**What to produce:** Pictures aside, repeat all the entries below exactly as they appear.

**The records:**
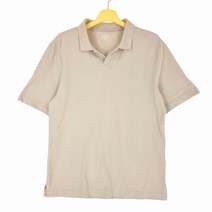 (고고빈티지)무신사스탠다드 남M 반팔 카라티셔츠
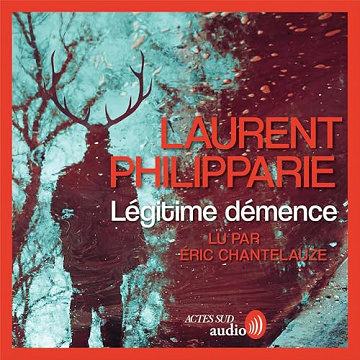Laurent Philipparie - Légitime démence [2025]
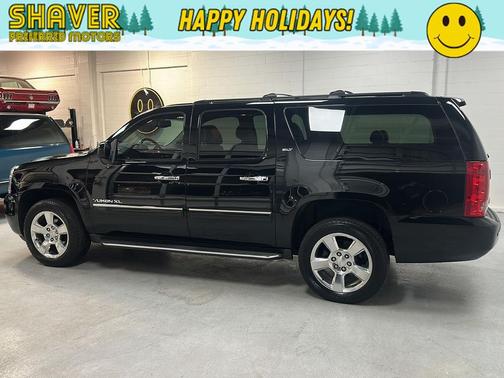 2014 GMC Yukon SLT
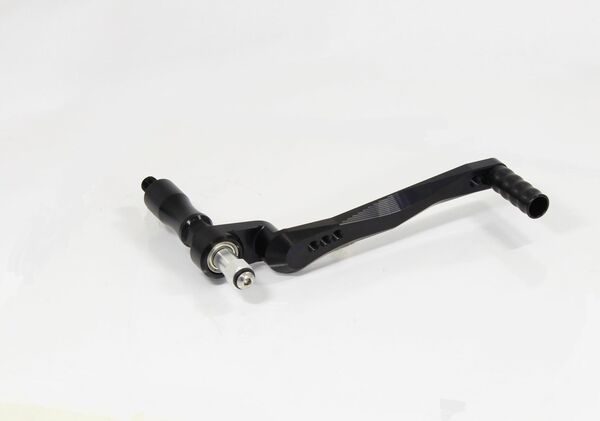 Accessory Rearset Black, 1, nordicamoto.ro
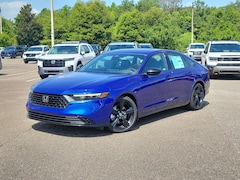 2026 Honda Accord Hybrid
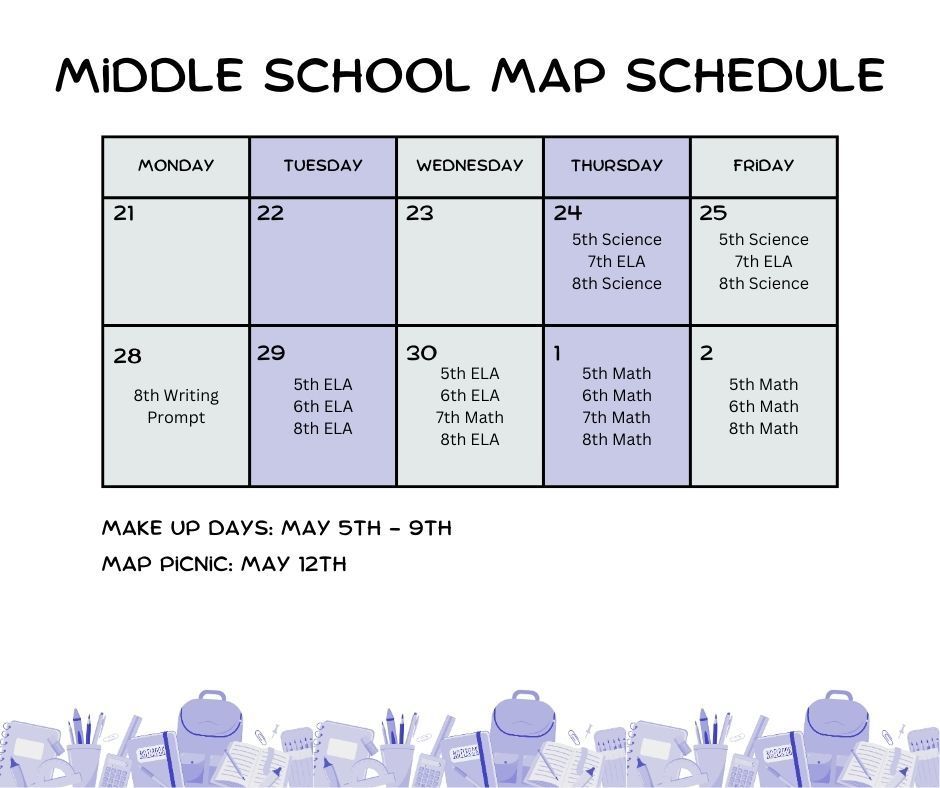 schedule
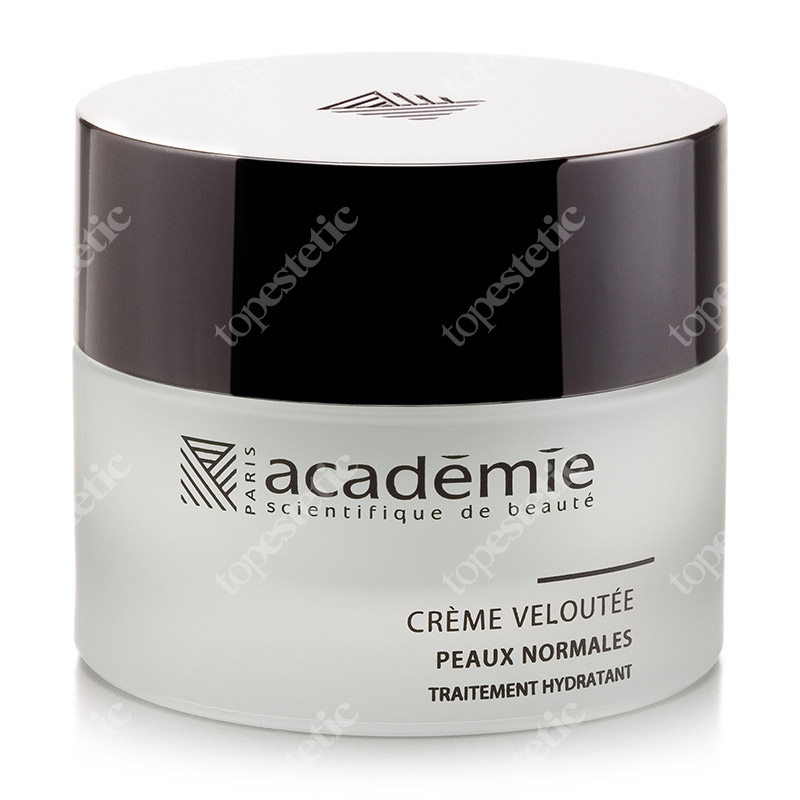 Academie Creme Veloutee Nawilżający krem aksamitny "Miękkość" 50 ml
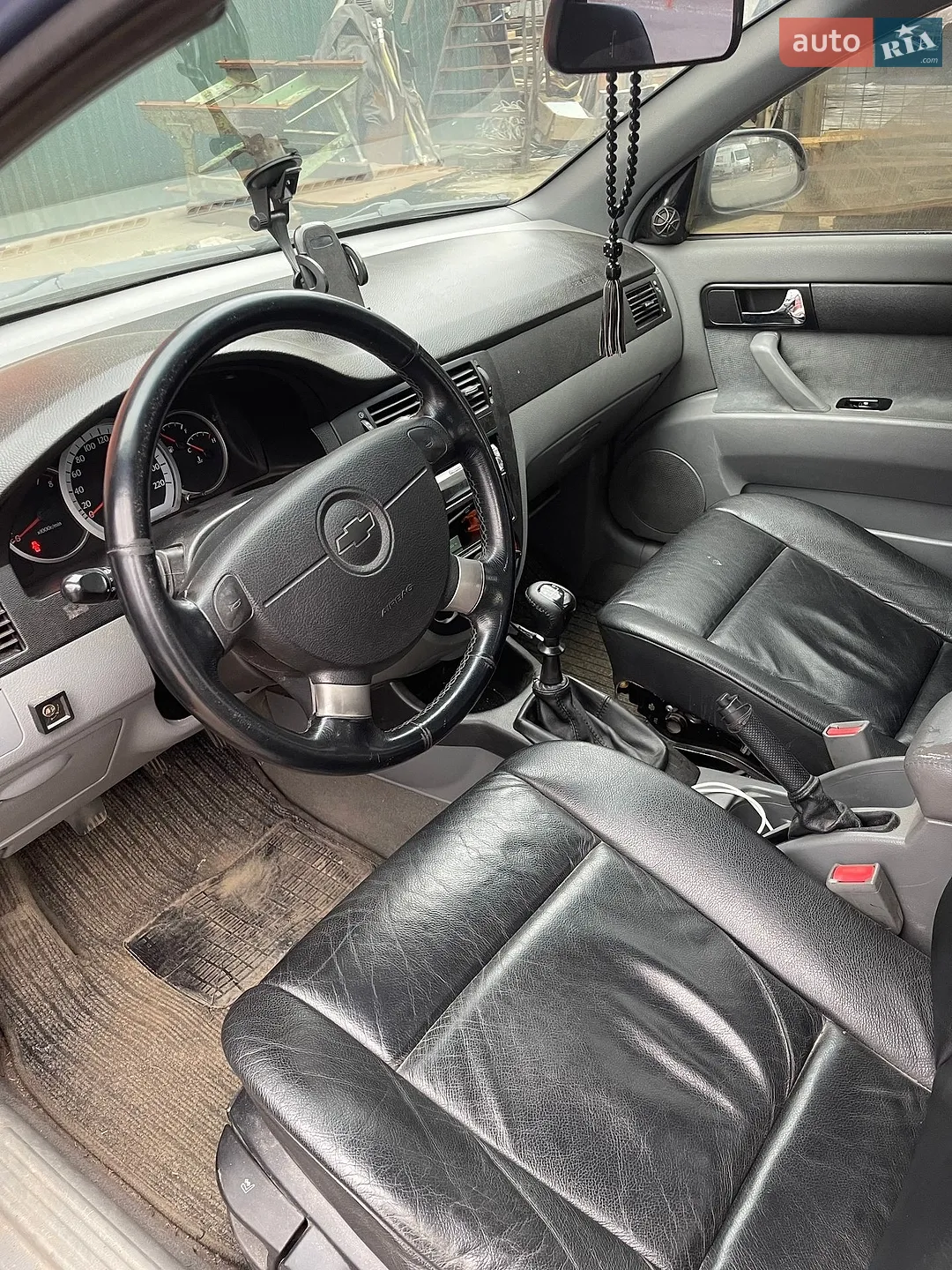 Chevrolet Lacetti 2006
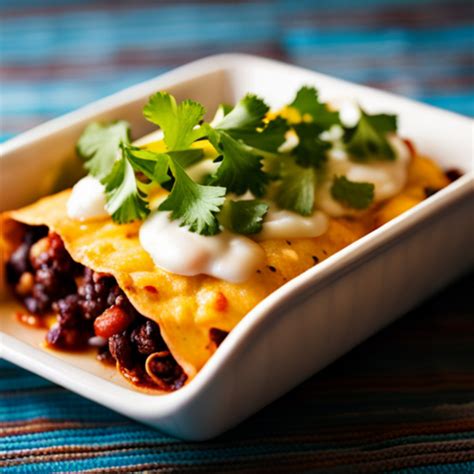 Black Bean Enchilada Recipe Instacart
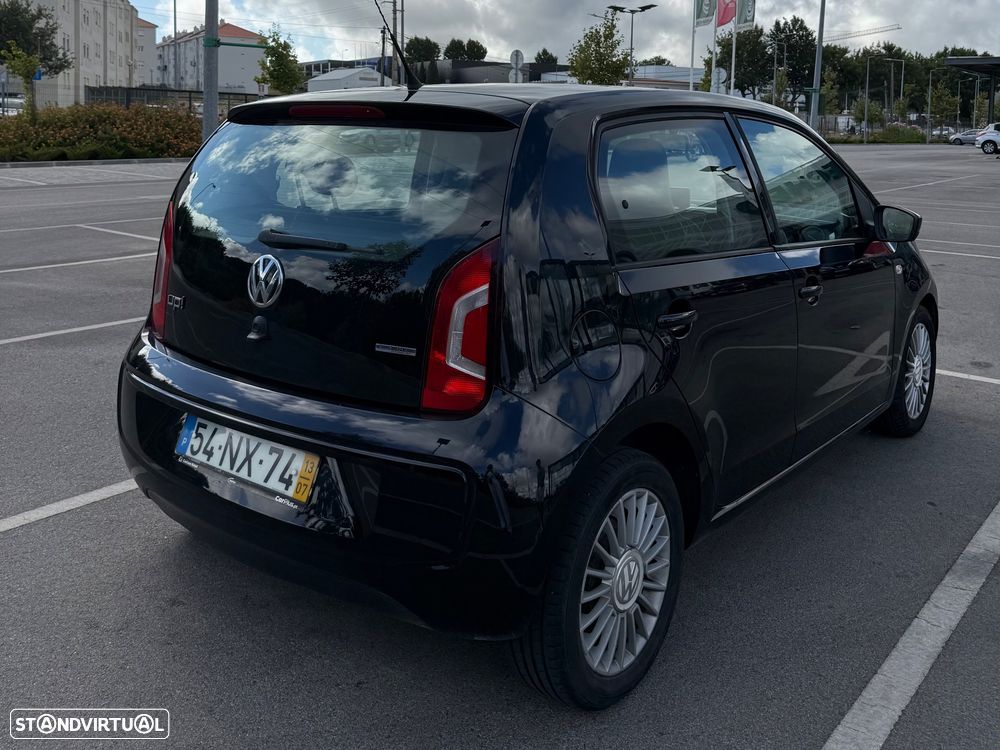 VW Up! 1.0 BlueMotion Move - 7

**Answer for this exercise:**
 (고고빈티지)무신사스탠다드 남M 반팔 카라티셔츠
Laurent Philipparie - Légitime démence [2025]
 2014 GMC Yukon SLT
 Accessory Rearset Black, 1, nordicamoto.ro
 2026 Honda Accord Hybrid
 schedule
 Academie Creme Veloutee Nawilżający krem aksamitny "Miękkość" 50 ml
 Chevrolet Lacetti 2006
 Black Bean Enchilada Recipe Instacart
 VW Up! 1.0 BlueMotion Move - 7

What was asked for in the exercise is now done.